Archive

Archive for October, 2010

Using QString effectively

October 12th, 2010 No comments

Low Level Virtual Machine (LLVM)

October 6th, 2010 No comments

The Low Level Virtual Machine (LLVM) is a compiler infrastructure, written in C++, which is designed for compile-time, link-time, run-time, and “idle-time” optimization of programs written in arbitrary programming languages. Originally implemented for C/C++, the language-independent design (and the success) of LLVM has since spawned a wide variety of front ends, including Objective-C, Fortran, Ada, Haskell, Java bytecode, Python, Ruby, ActionScript, GLSL, and others.

LLVM can provide the middle layers of a complete compiler system, taking intermediate form (IF) code from a compiler and outputting an optimized IF that can then be converted and linked into machine-dependent assembler code for a target platform. LLVM can accept the IF from the GCC toolchain, allowing it to be used with a wide array of existing compilers written for that project.

LLVM can also generate relocatable machine code at compile-time or link-time or even binary machine code at run-time.

LLVM supports a language-independent instruction set and type system.

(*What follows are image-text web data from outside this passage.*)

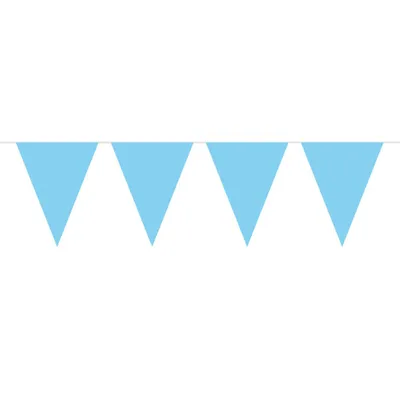 Immagine prodotto di Catena a gagliardetto grande blu baby 10m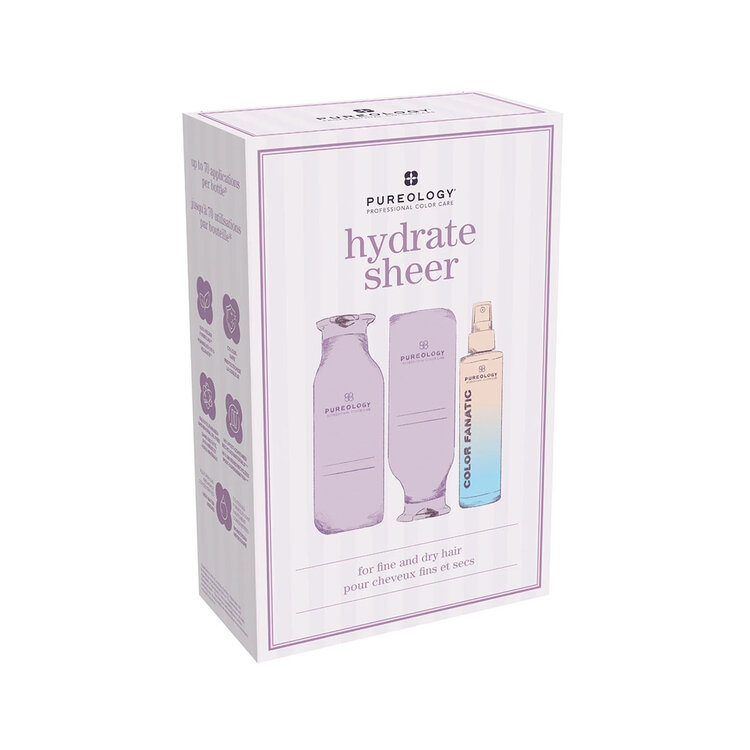 PUREOLOGY Hydrate | Sheer | Coffret Fêtes 2025 — Légèreté & Hydratation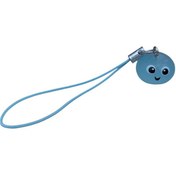 تصویر آویز موبایل قطره آب شب‌ تاب مدل 002 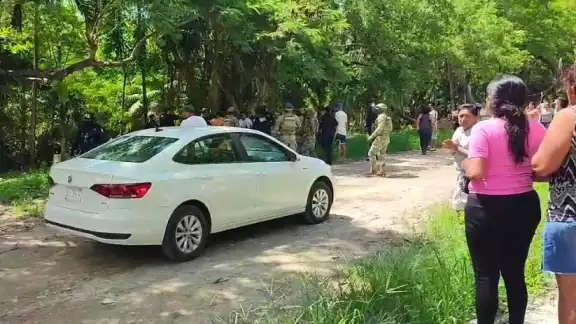 La menor fue presuntamente golpeada para luego llevársela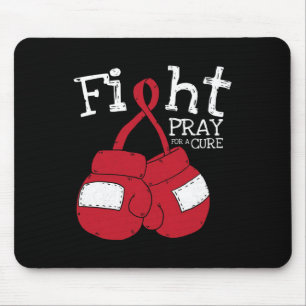 Hiv Aids Brain Aneurysm Stroke Cool Awareness Gift Mouse Mat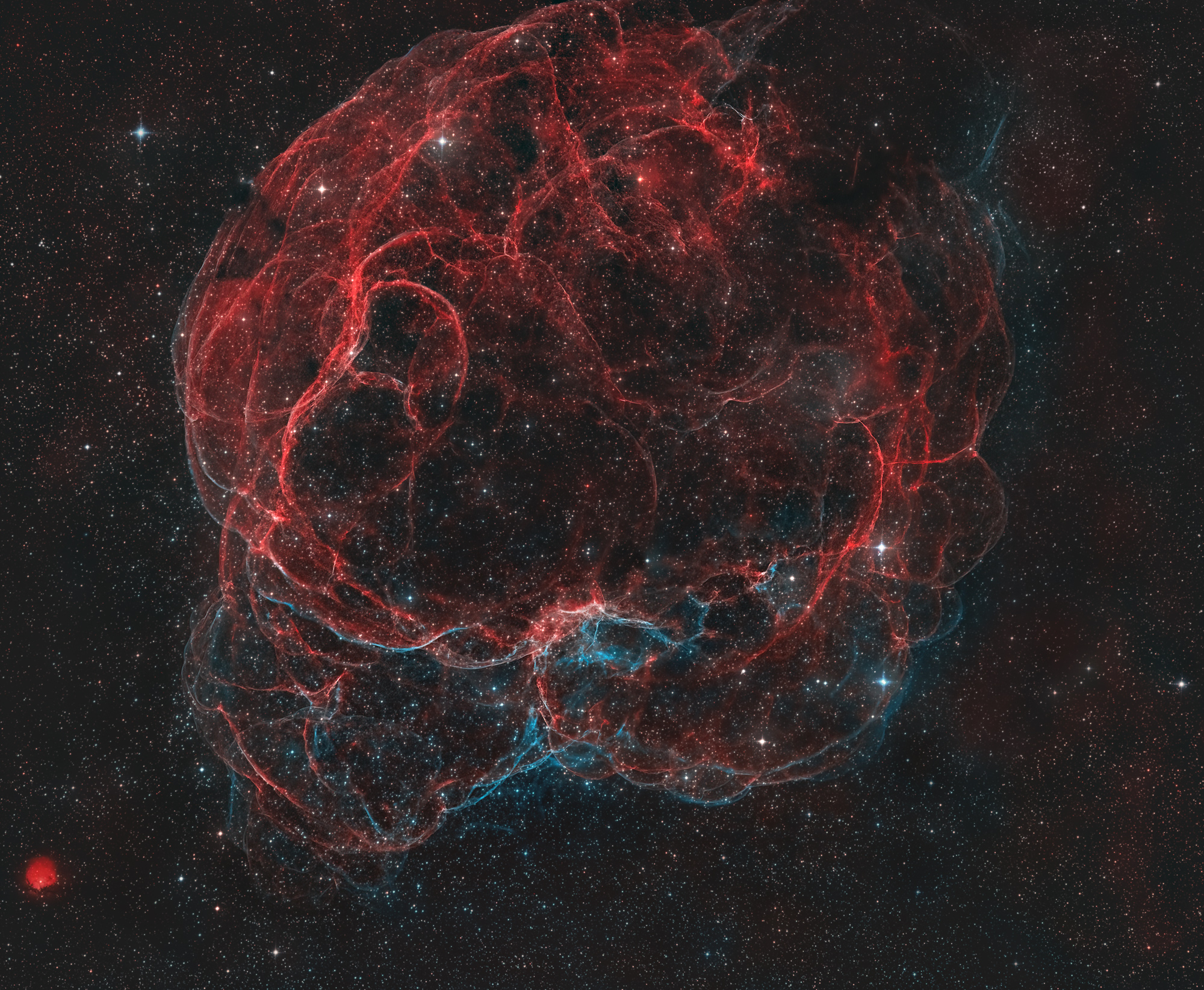 Spaghetti Nebula, Simeis147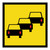 Queued Traffic - Multi Message Sign - NSW - 600 x 600mm 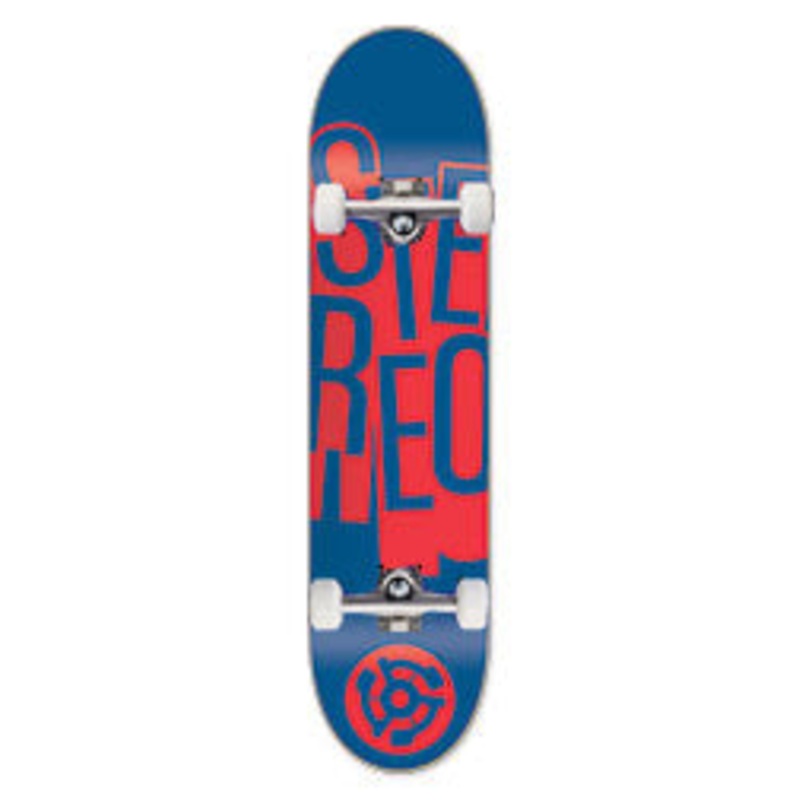 STEREO COMPLETE – STACKED (8.125″) 8.125″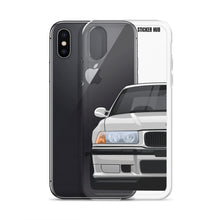 Load image into Gallery viewer, Silver BMW E36 - iPhone Case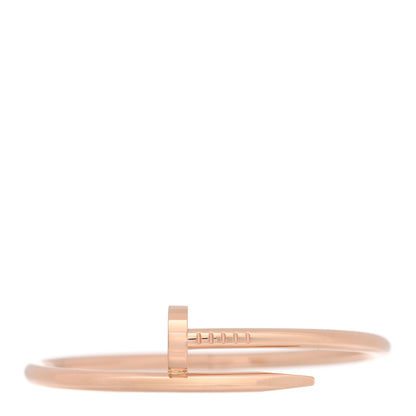 Cartier 18K Pink Gold Juste Un Clou Bracelet 16 1 of 5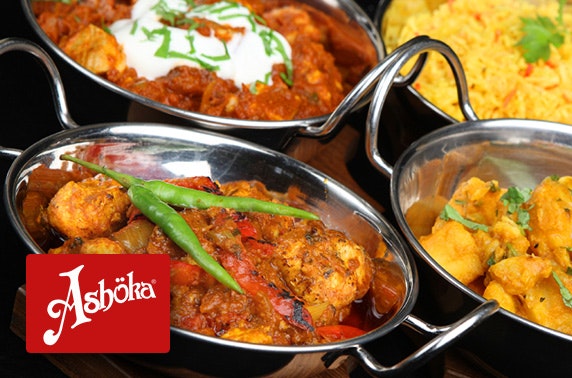 Ashoka West End Indian dining – from £5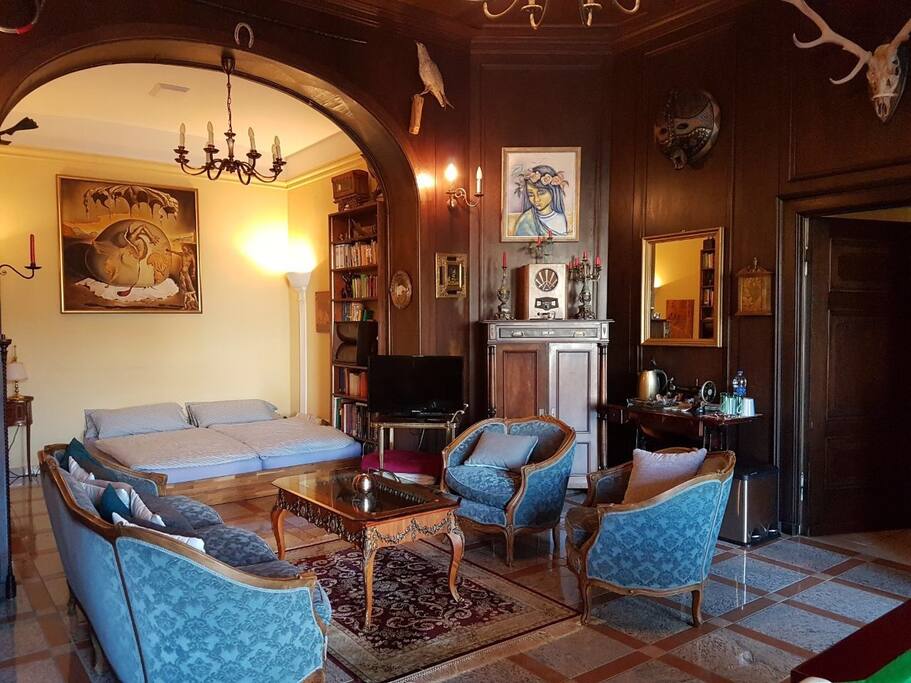 Living Room / Wohnzimmer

Each instruction is in static single assignment form (SSA), meaning that each variable (called a typed register) is assigned once and is frozen. This helps simplify the analysis of dependencies among variables. LLVM allows code to be compiled statically, as it is under the traditional GCC system, or left for late-compiling from the IF to machine code in a just-in-time compiler (JIT) in a fashion similar to Java. The type system consists of basic types such as integers or floats and five derived types: pointers, arrays, vectors, structures, and functions. A type construct in a concrete language can be represented by combining these basic types in LLVM. For example, a class in C++ can be represented by a combination of structures, functions and arrays of function pointers.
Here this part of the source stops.